En 1995, à la suite de difficultés économiques et à l’issue d’une saison écourtée marquée par un lock-out, les propriétaires des Nordiques cèdent les droits de la franchise à un groupe américain qui fait déménager l’équipe à Denver, dans le Colorado.

L’espoir d’un retour ?

A l’image des fans montréalais avec leur équipe de baseball des Expos, les Québécois n’ont jamais vraiment fait une croix sur leur franchise de cœur. Au début des années 2010, un possible retour des Nordiques avait même fait l’actualité. La municipalité a en effet investit très fortement dans la construction d’une aréna répondant aux exigences de la NHL. Le Centre Vidéotron a officiellement été inauguré en 2015 et accueille les Remparts de Québec (LHMJQ) ainsi que de nombreux événements et concerts, en attendant peut-être mieux.

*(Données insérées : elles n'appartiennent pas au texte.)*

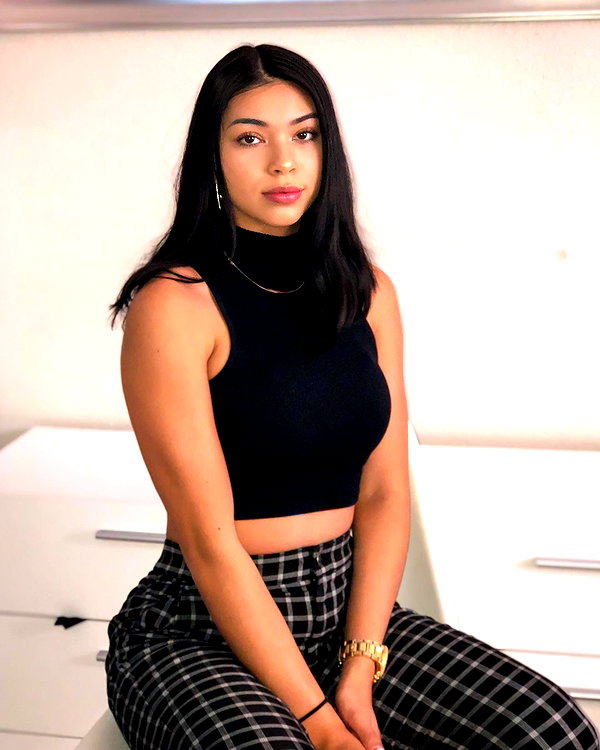 aishahsofey instagram image archive image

Le Centre Vidéotron accueille les Remparts de Québec (une équipe junior) en attendant peut-être, un jour, le retour des Nordiques.

Derrière ces investissements, il y a bien sûr une volonté politique, mais le “dossier” du retour des Nordiques est principalement mené par Pierre-Karl Péladeau, homme d’affaires québécois qui détient Québécor, le géant des télécommunications (dont le fournisseur Vidéotron qui donne son nom à l’aréna) et des médias. “PKP”, c’est également l’ancien chef du “PQ”, pour parti québécois, le principal parti indépendantiste du Québec.

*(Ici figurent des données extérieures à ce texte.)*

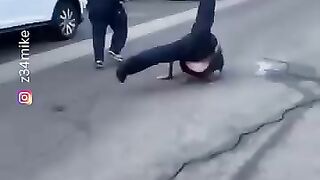 Funny videos 2 2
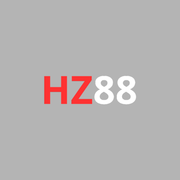 hz88autos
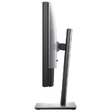 Монитор Dell 27" UP2718Q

Si les espoirs d’un retour de la NHL dans la capitale québécoise ont été quelque peu douchés avec les choix successifs de Las Vegas et Seattle comme nouvelles équipes d’expansion, Péladeau a récemment émis l’hypothèse que l’actuelle crise économique causée par la pandémie de coronavirus pourrait être un avantage pour Québec. « Dans les circonstances que nous connaissons, avec les outils, les actifs et les avantages dont dispose Québecor, honnêtement j’ai de la difficulté à dire ce qui nous manque pour réussir », a avancé l’homme d’affaires lors d’une entrevue à Radio X, il y a une dizaine de jours. Actuellement, un système de péréquation permet aux équipes en difficulté financière de profiter des revenus des équipes en meilleure santé. Mais, avec la crise, c’est tout ce système qui pourrait être mis à l’épreuve, rendant les plus petits marchés vulnérables. D’autant que certains d’entre eux avaient déjà du mal à garnir leurs gradins avant la crise…

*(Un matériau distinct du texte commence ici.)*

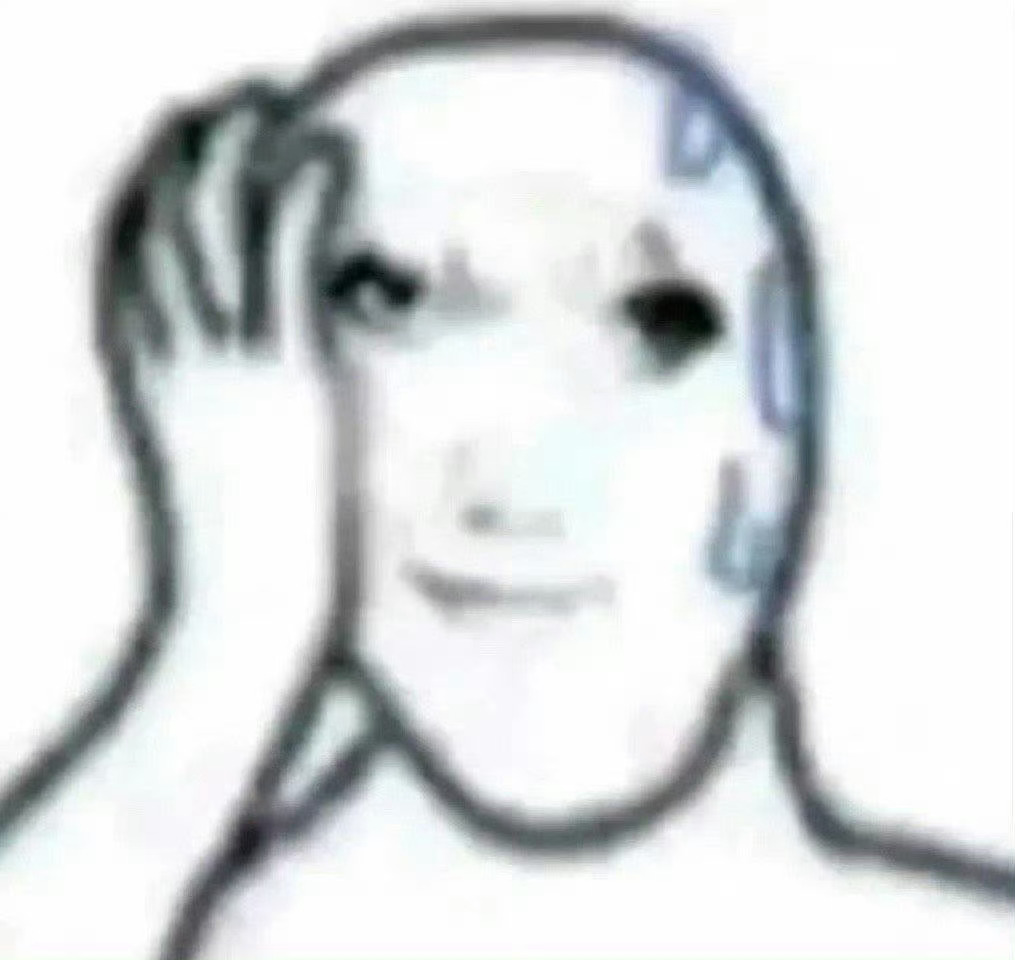 男子陪妻子做流产发现孩子是邻居的我的妈呀，这是什么鬼热闹，果然电视都是来源于生活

Avec son marché de passionnés, son aréna dernier cri et son histoire qui parlera à tous les nostalgiques de la NHL des années 80, Québec a plus que jamais les atouts pour tenter un retour en force. Alors que le dernier match de son histoire s’est déroulé il y a un peu plus de 25 ans jour pour jour, le 16 mai 1995 au Madison Square Garden de New York, les Nordiques de Québec n’ont peut-être pas fini de faire parler d’eux.